15 minutes please, as I want to push the button and go to bed. When you get to my age.....

Wait for it..... Go!


----------



## PhilM (Nov 5, 2004)

Well the bay should be able to help you, there's also a few other sites that have them up for sale at the moment









BTW Cheers


----------



## chris l (Aug 5, 2005)

PhilM said:


> Well the bay should be able to help you, there's also a few other sites that have them up for sale at the moment
> 
> 
> 
> ...


What do you think of the watch itself?

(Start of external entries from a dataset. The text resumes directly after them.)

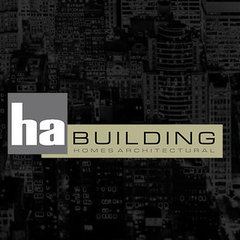 HA Building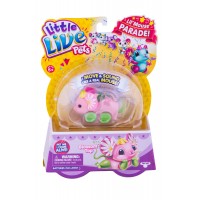 Soricel electronic Little Live Pets S4 - Blossom Top
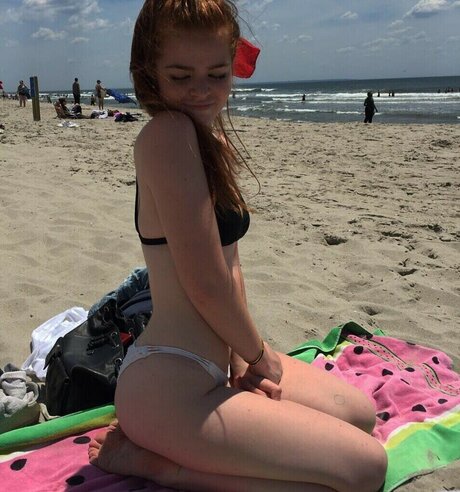 hopeweber étoile sexy photo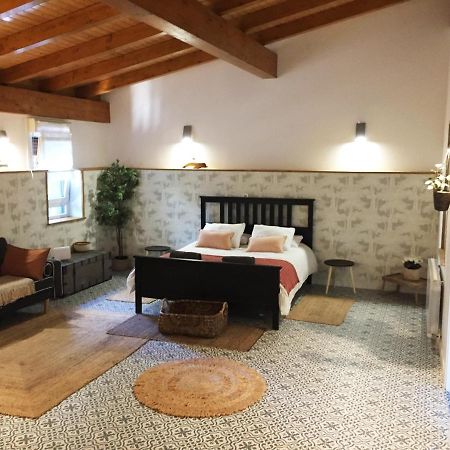 Getxo Garden Houses - The Suite Ngoại thất bức ảnh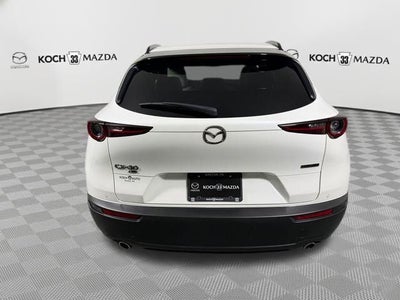 2026 Mazda Mazda CX-30 2.5 S Aire Edition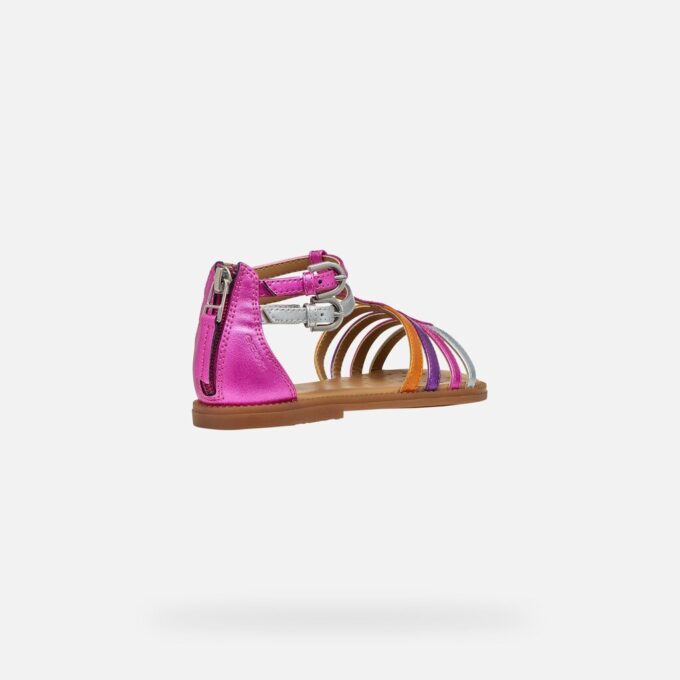 Sandalias Karly para niñas Sandalias Karly para niñas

Looks a bit blurry to me.

Cheeers. hic.


----------



## PhilM (Nov 5, 2004)

Haven't got one myself, but if your after a good solid Seiko you can't go wrong especially if your after a Orange dialed watch


----------



## chris l (Aug 5, 2005)

PhilM said:


> Haven't got one myself, but if your after a good solid Seiko you can't go wrong especially if your after a Orange dialed watch


Good enough for me. Thank you and Goodnight.


----------



## PhilM (Nov 5, 2004)

No problem, look forward to seeing your new purchase soon


----------



## jasonm (Nov 22, 2003)

I had one, really nice watch...I miss it


----------